Task instructions
From the line that contains "Driving instructor 0" to the final line of the records below, print each line exactly and leave every picture out.

┌──

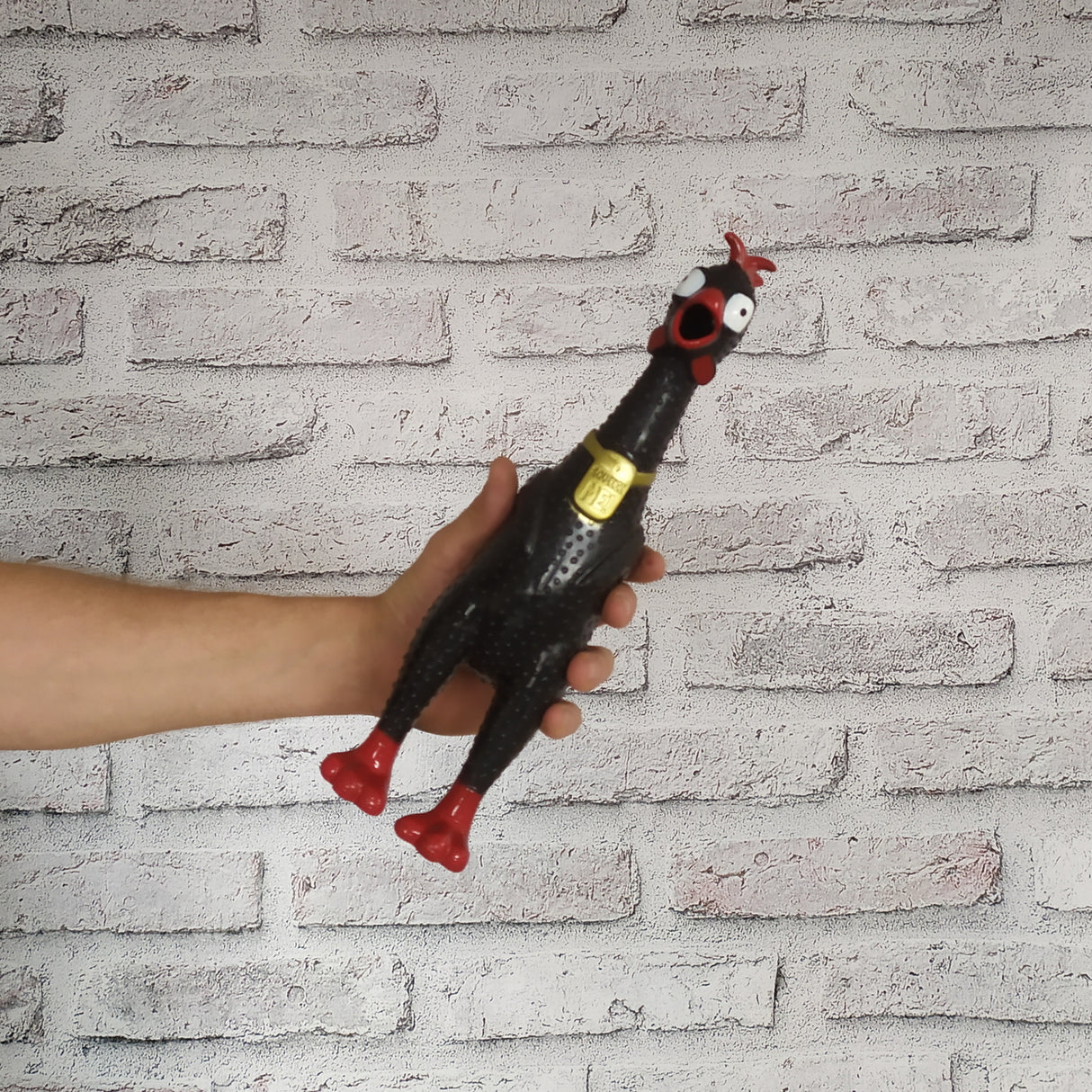 Gummihuhn Stressball mit lustigem Sound in schwarz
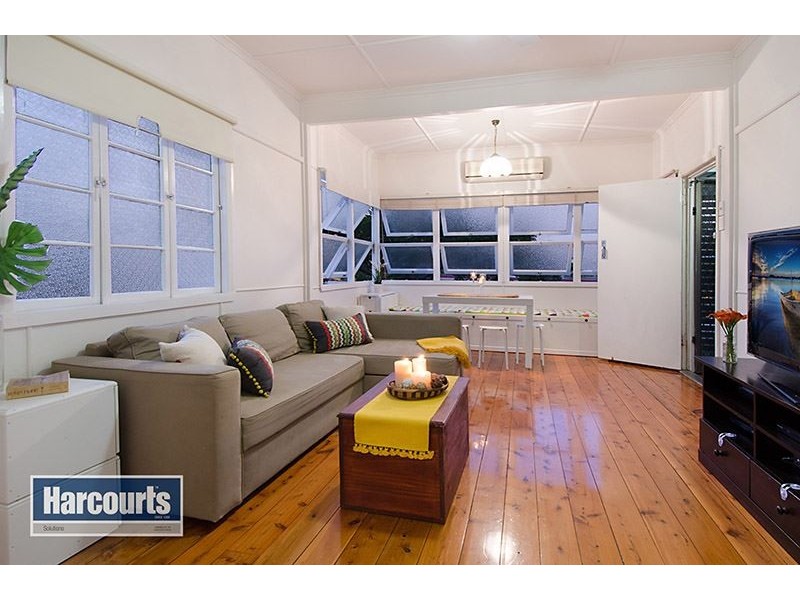 66 Blaker Road, Mitchelton QLD 4053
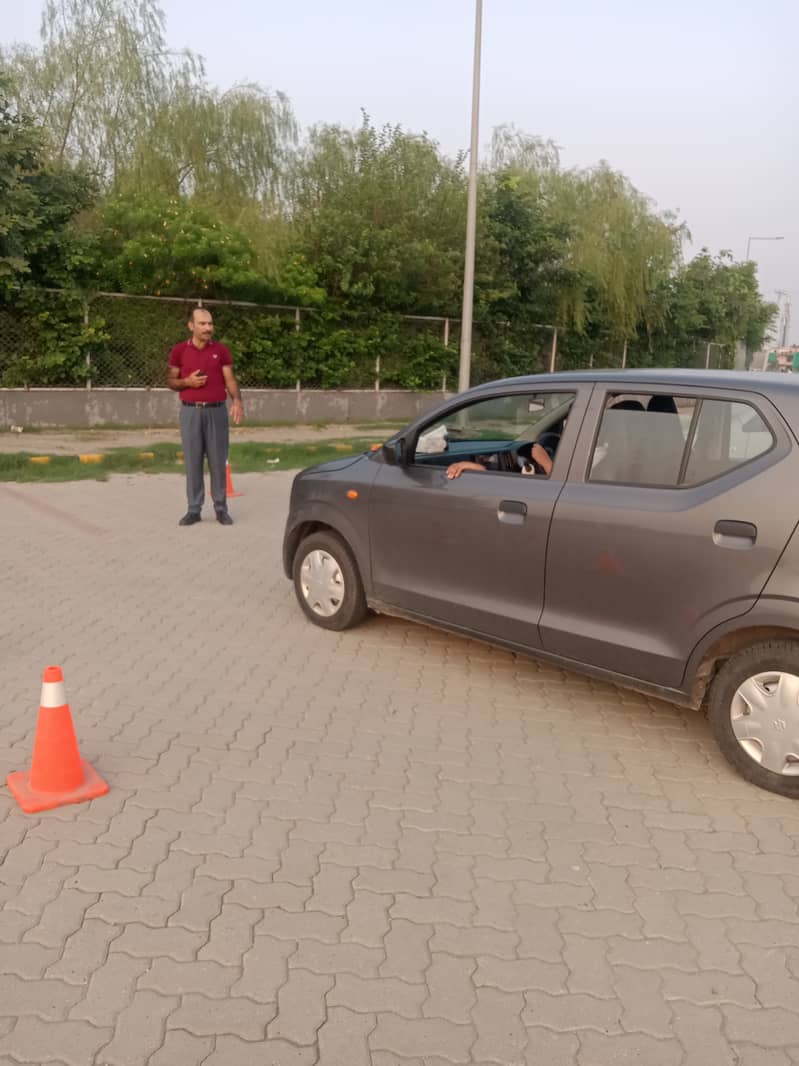 Driving instructor 0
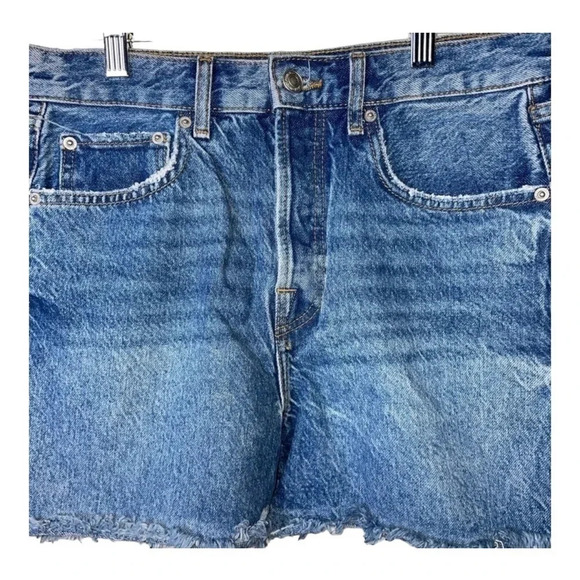 1066. Zara DENIM JEAN SHORTS FACTORY FRAYED‎ HEMS SIZE 4 MEDIUM WASH IN COLOR - Picture 2 of 6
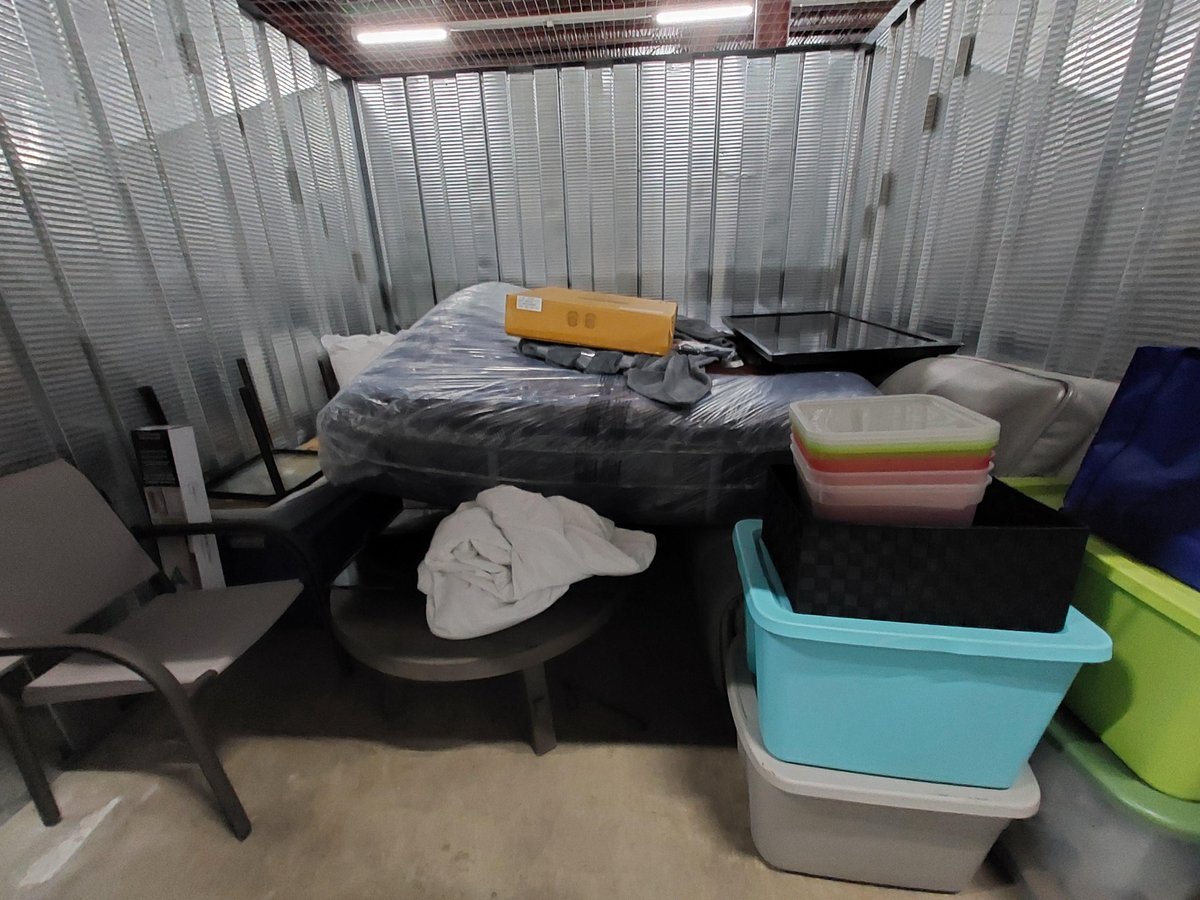 10 x 10 storage unit in Dayton, OH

└──

Answer for this exercise
 Driving instructor 0
 1066. Zara DENIM JEAN SHORTS FACTORY FRAYED‎ HEMS SIZE 4 MEDIUM WASH IN COLOR - Picture 2 of 6
 10 x 10 storage unit in Dayton, OH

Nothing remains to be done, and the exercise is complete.